半吊子真的是容易惹笑話。我當初絕對是想當然了。
不過那種17年蟬是真的。土摩托以此為由頭,廣徵博引,寫就一篇《懂數學的蟬》,即將刊發在《三聯生活週刊》上——那可是有科學依據的啊。
為了《森林之歌》,我已經有一週多的時間不參加飯局,更沒有喝過酒了。我試圖搜尋更多的資料來充實一下原來的稿子,再説,總不能以己昏昏使人昭昭吧。

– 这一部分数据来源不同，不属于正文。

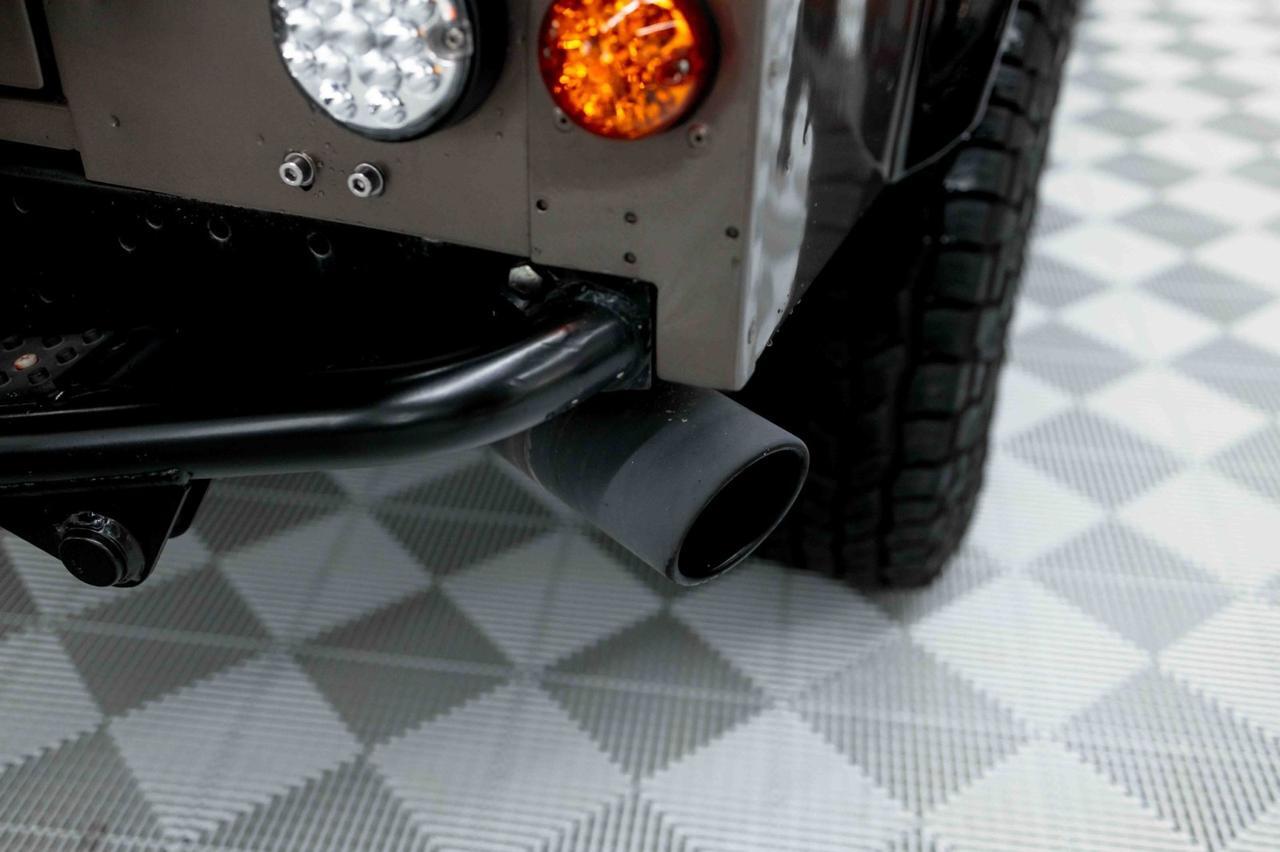 2021 Land Rover Osprey D110 Marietta GA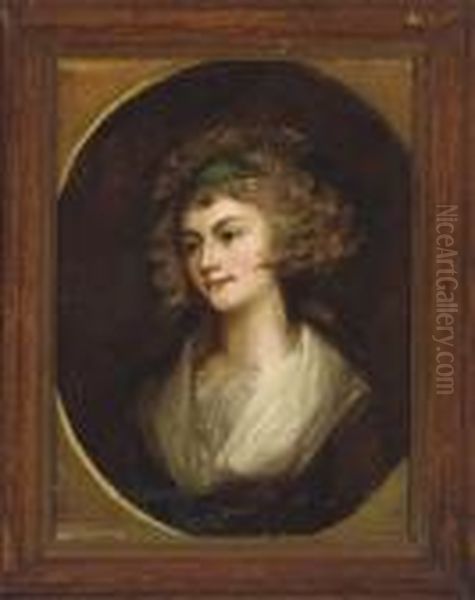 The Parson's Daughter by George Romney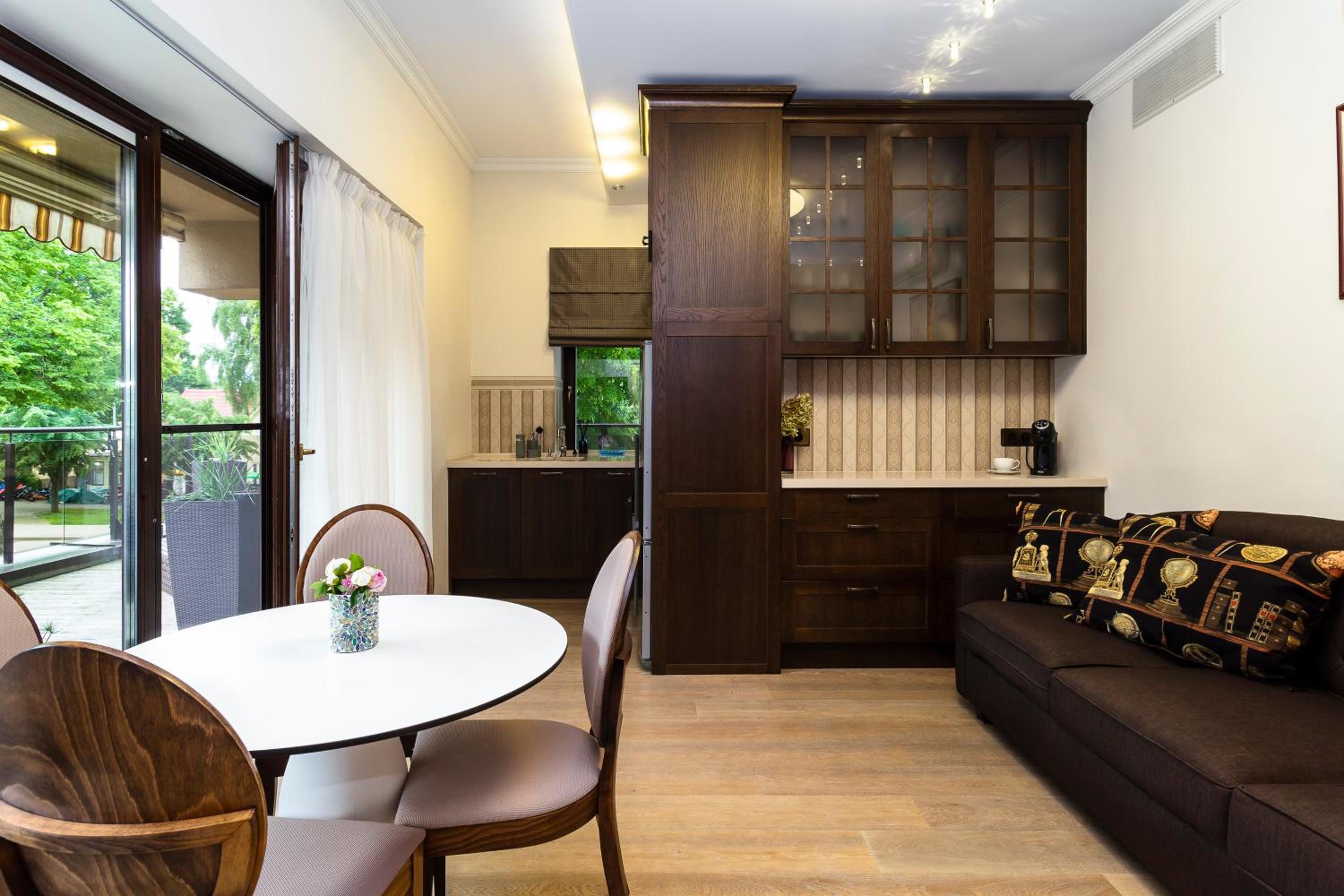 FONTANO apartamentas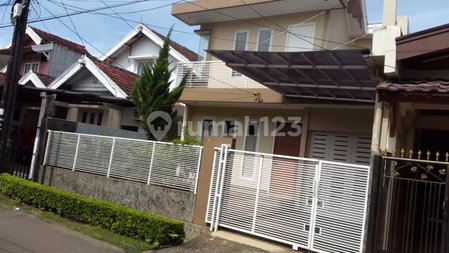 House for rent in Ciputat, Indonesia · Cengkareng · 4 rooms, 3 baths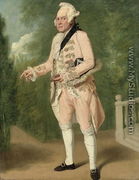 Thomas King as Lord Ogleby - Samuel de Wilde
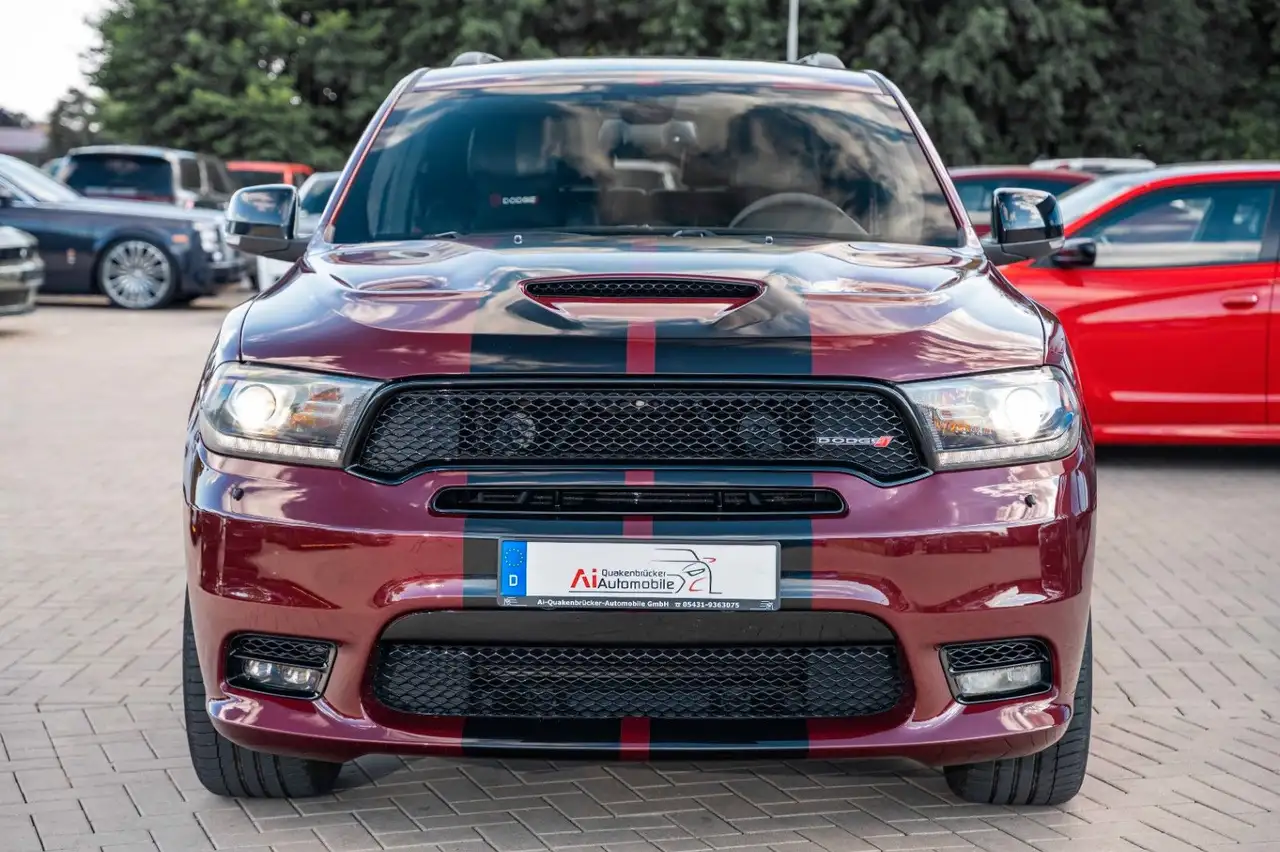 Dodge Durango 2021 — фото 9
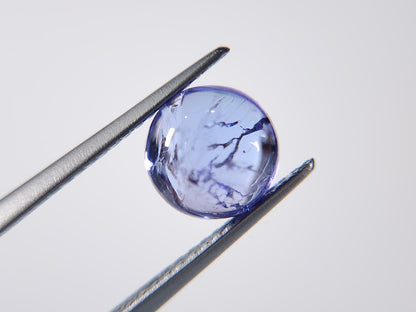TZ-18　タンザナイト　2.18ct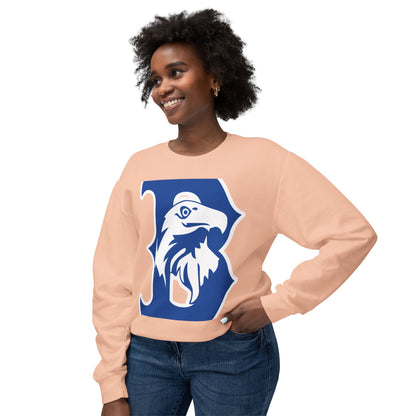 Lightweight Crewneck Sweatshirt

這麼長時間的清心寡欲,並不是我有多專注敬業,而是因為搜尋資料的效率太低。
上周的某一天,我在王府井新華書店泡了一下午,想找幾本有用的書看。結果,一本也沒找到。大概是因為書店裏只擺新書,而最近出版的關於林學或植物方面的書基本不合我意。然後去噹噹,搜出五百多頁書名,憑其大意下單子買了幾本,發現宛如瞎子摸象,合用的也很少。
只好求助圖書館。
我辦了國家圖書館的讀者卡,在裏面泡了幾天。更加痛感,我國的科學著作數量少,質量低,好大喜功,浮皮潦草,東拼西湊,枯燥乏味,少有能讓人看得津津有味的書。土摩托正在為《讀庫》寫一篇新的稿子,他告訴我,他參考的一本英文書,儘管是科學著作,卻幾乎是一部現成的引人入勝的電影劇本。
與之相對的,是我國博物學的不發達。陳曉卿老師説,我們的生物學家多是“糞便專家”,少有長期野外觀察經驗,少與活體動物打交道,基本就是觀察一下動物們的糞便。我想到了電影《怒海爭鋒》,拉塞爾•克勞演的那個船長多趾高氣揚,可他也得乖乖聽與其同行的那個博物學家的。那哥們説,讓我到島上去採集些標本。船長就得改變航行計劃。
這麼落後,這麼多空白,這麼多要幹的事兒,可我們有十三億人啊。那麼多人,都幹什麼去了?
我們的學問、智商多是一些裝飾品,只是為了支撐起自己那點兒虛榮心,相較別人有那麼一些心理優勢,在對各種東西的爭奪中立於不敗之地;我們的精力、時間,基本用來看別人不順眼,見到別人有了破綻,就樂得屁顛屁顛的,覺得自己頓時有了生活支柱。想到這裡,我沒辦法不鄙視自己——小張啊,你這不也是在挑別人的毛病嗎?
昨天從國圖出來,與陳曉卿老師等人吃飯。眾人又為網上的一些是非展開了熱烈的討論,這些雞毛蒜皮的破事兒消耗掉大家的整頓飯局、整個美好的夜晚。我突然開始懷疑人生,覺得一個人的理想狀態應該這樣度過:現在大家所在乎的那些事情,其實十幾歲的時候就應該搞定,從此不去想它,把腦子騰乾淨,把學問做紮實,然後專心致志地去研究終極問題,哪怕是一條蚯蚓,都可以用一生的時間去琢磨。
對,一生,充滿樂趣與熱愛的一生。一個人的一生,見到喜歡的人,就廝混在一起,見到不喜歡的事,就離得遠一些,君子和而不同。求同存異,不就這麼簡單嗎?
由於許久沒有喝酒,節奏不好掌握,結果昨晚喝多了。今天醒來,又開始思考這個終極問題。與朋友通了個電話,聊到這些。我不得不得出結論:我們的精力、智力,在時間分配上有問題。